Histoire, histoire ! Laisse tomber !
C'est un conte sur les orphelins et la sagesse des humbles.
À l'époque, un certain homme mourut et laissa deux fils et leurs deux mères. Puis une des mères est tombée malade. Elle a pris des médicaments pour sa maladie, mais elle a refusé de réparer. Quand elle a vu qu'elle allait apparemment mourir, elle a dit à sa sœur, la deuxième épouse de son défunt mari:
Vous avez vu que ma maladie ne s'en ira pas. Je sais que je vais mourir. Quand Allah, l'Exalté, m'aura enlevé ma vie, voici, je vous ai laissé un fils et je vous en ai confié la responsabilité, à cause d'Allah et des prophètes.
La deuxième femme a dit, "C'est bien. J'ai entendu."
Et il arriva que le jour vint où elle mourut, et le garçon n'avait pas atteint l'âge de la pleine connaissance. Les rites funéraires ont été achevés.
Quelque temps s'est écoulé après sa mort. Son fils et le fils de l'autre femme possédaient des oiseaux et les élevaient; l'un avait une poule, et l'orphelin avait une poule.
Un jour, la belle-mère a levé un bâton et a frappé la volaille de l'orphelin exprès, la tuant quand il n'était pas à la maison. Quand il est revenu, il a vu sa poule morte. Il n'a rien dit sauf :
"Malheureusement ! Allah, le Puissant, aujourd'hui ma poule est morte."
Puis il l'a ramassée, l'a arrachée, l'a mise sur le feu, et l'a bien préparée. Il a mis un pot sur le feu et l'a bien cuit. Il l'a pris et est allé avec au marché.
Celui qui est venu et a dit qu'il voulait l'acheter, répondrait qu'il ne la vendrait que pour un cheval.
Puis le fils du chef vint, celui que le chef aimait; lui aussi était un tout petit garçon. Il était monté sur un cheval puissant, et il disait que la chair de cette poule était ce qu'il voulait et qu'elle devait lui être vendue.

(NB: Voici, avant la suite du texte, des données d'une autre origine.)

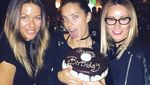 Intip Momen Makan Adriana Lima, Victoria Secrets Angel yang Baru Pensiun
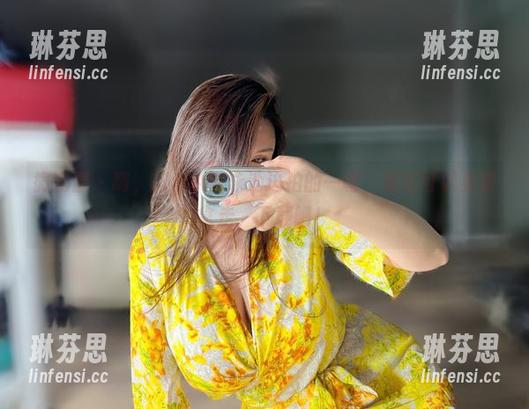 微密圈 - 啊，MIYA在泳池边拍的一幕，竟然可以免费拿走，下载吧！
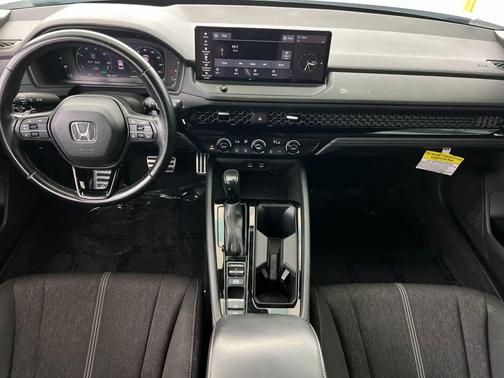 Platinum White Pearl 2023 Honda Accord Hybrid Sport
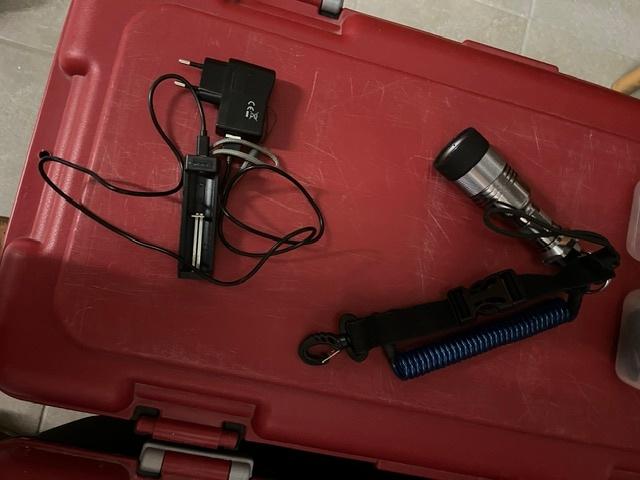 Lampe de plongée Scubapro, Enlèvement, Comme neuf, Lampe de plongée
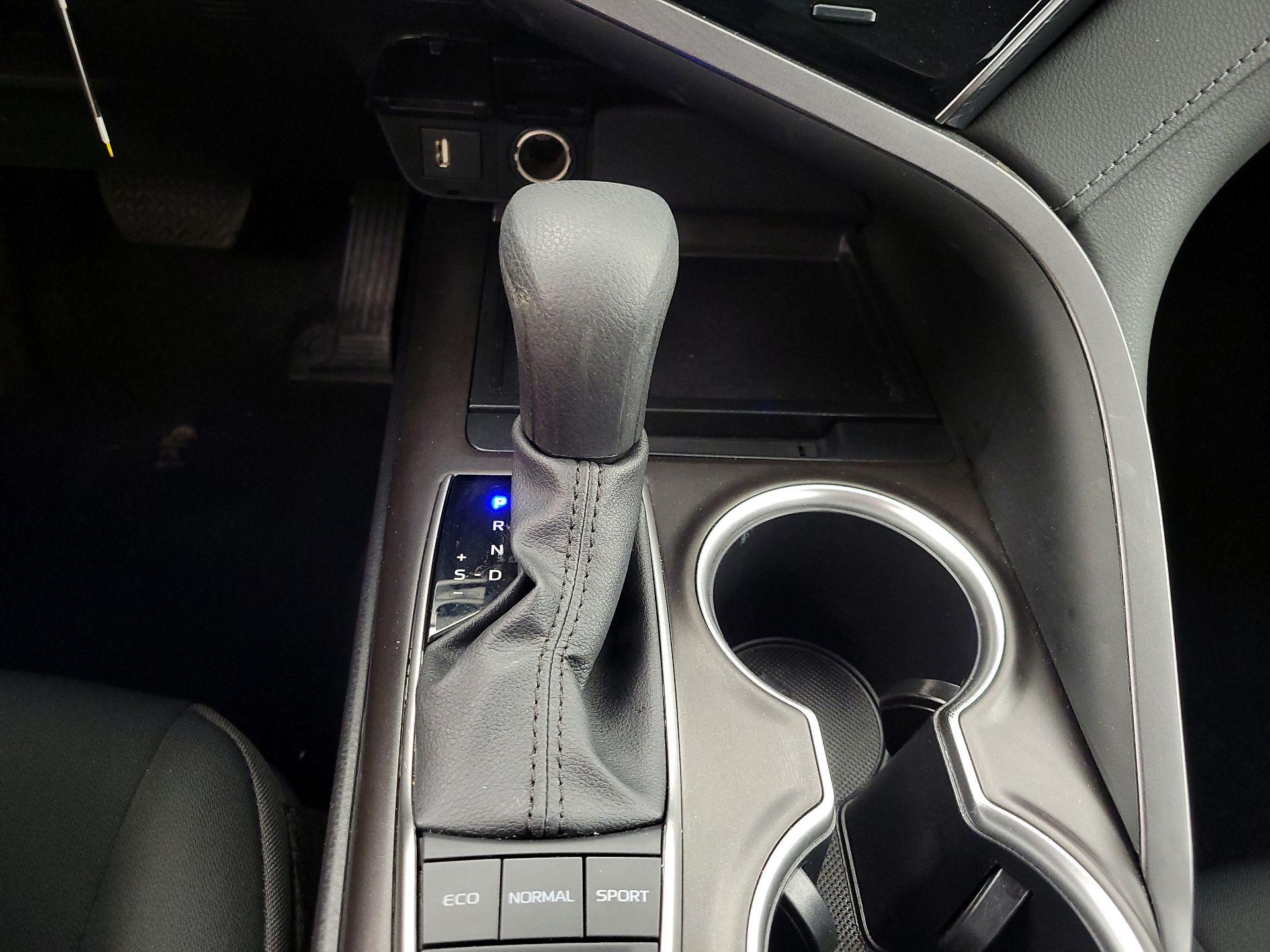 Thumbnail: 2024 Toyota Camry - 17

Mais l'orphelin dit: Si tu ne me donnes pas le cheval, personne ne mangera ma viande.
Le cheval fut donné à l'orphelin, le fils du chef reçut la viande, et l'orphelin prit son cheval chez lui.
Mais sa belle-mère dit: Prends ton cheval, mets-le dans cette maison, et ferme la porte avec la terre. Dans environ sept jours, si vous l'ouvrez, vous verrez qu'il est devenu assez gras pour éclater sa maison. »
Son idée était que s'il le faisait, le cheval mourrait. Maintenant le garçon pensait que c'était vrai, alors il a mis le cheval dans la maison et a mis la porte en plâtre. Une dizaine de jours s'étant écoulés, il ouvrit la porte, et vit son cheval devenir gras et fort.
Mais le cœur de sa belle-mère est devenu noir parce que le cheval n'est pas mort.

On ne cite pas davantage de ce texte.